» TASK PROMPT: Please copy out the full listing that follows exactly; no picture belongs in the copy.

» DATA:
==============================

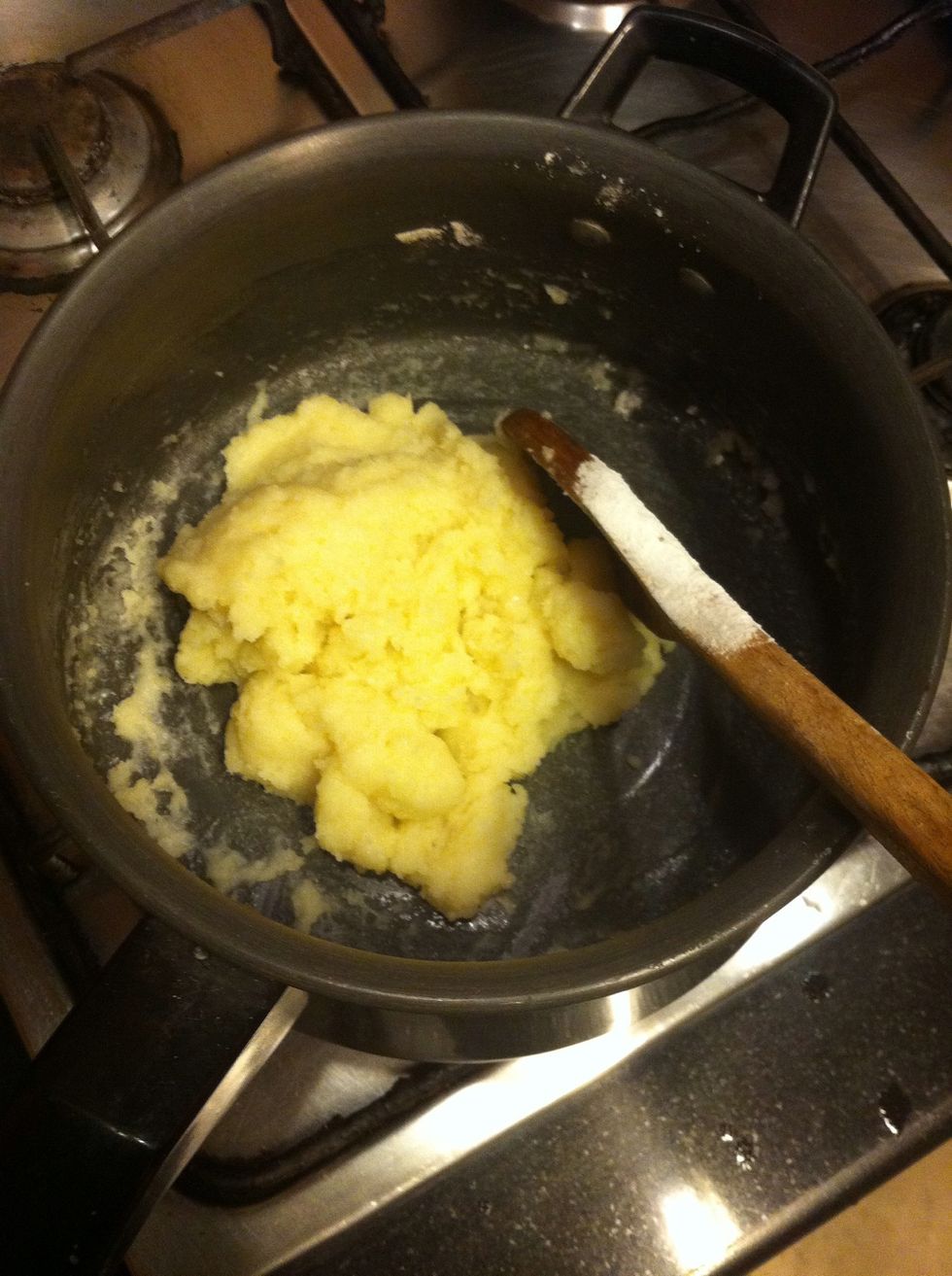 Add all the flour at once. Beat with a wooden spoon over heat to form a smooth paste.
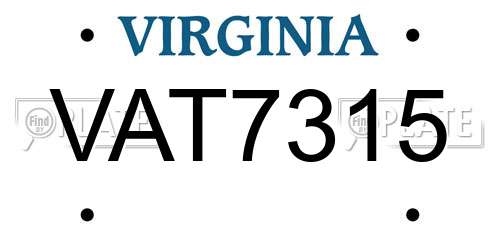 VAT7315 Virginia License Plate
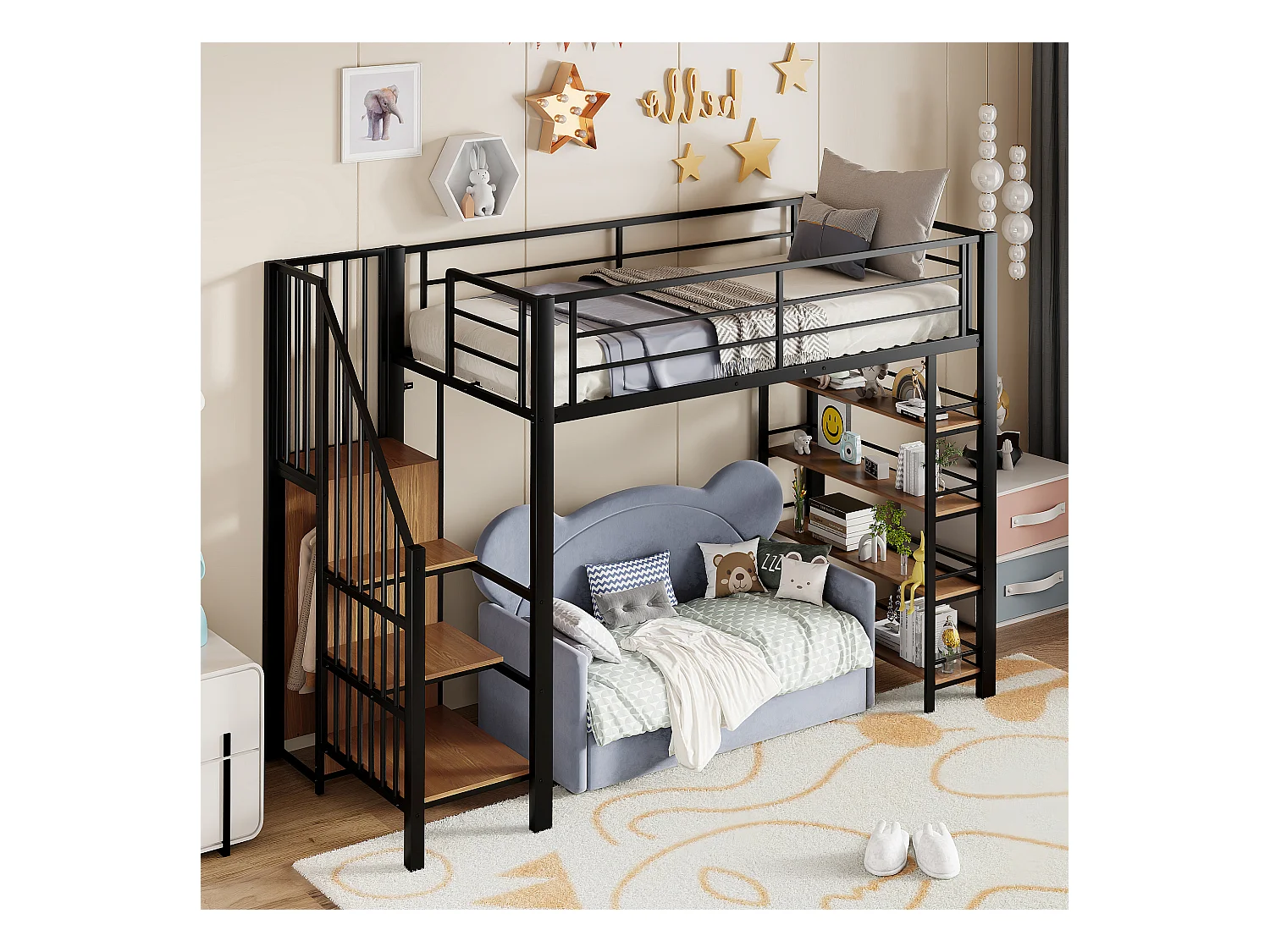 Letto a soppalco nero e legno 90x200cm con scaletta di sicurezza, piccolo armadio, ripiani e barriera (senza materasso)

==============================

» SOLUTION:
 Add all the flour at once. Beat with a wooden spoon over heat to form a smooth paste.
 VAT7315 Virginia License Plate
 Letto a soppalco nero e legno 90x200cm con scaletta di sicurezza, piccolo armadio, ripiani e barriera (senza materasso)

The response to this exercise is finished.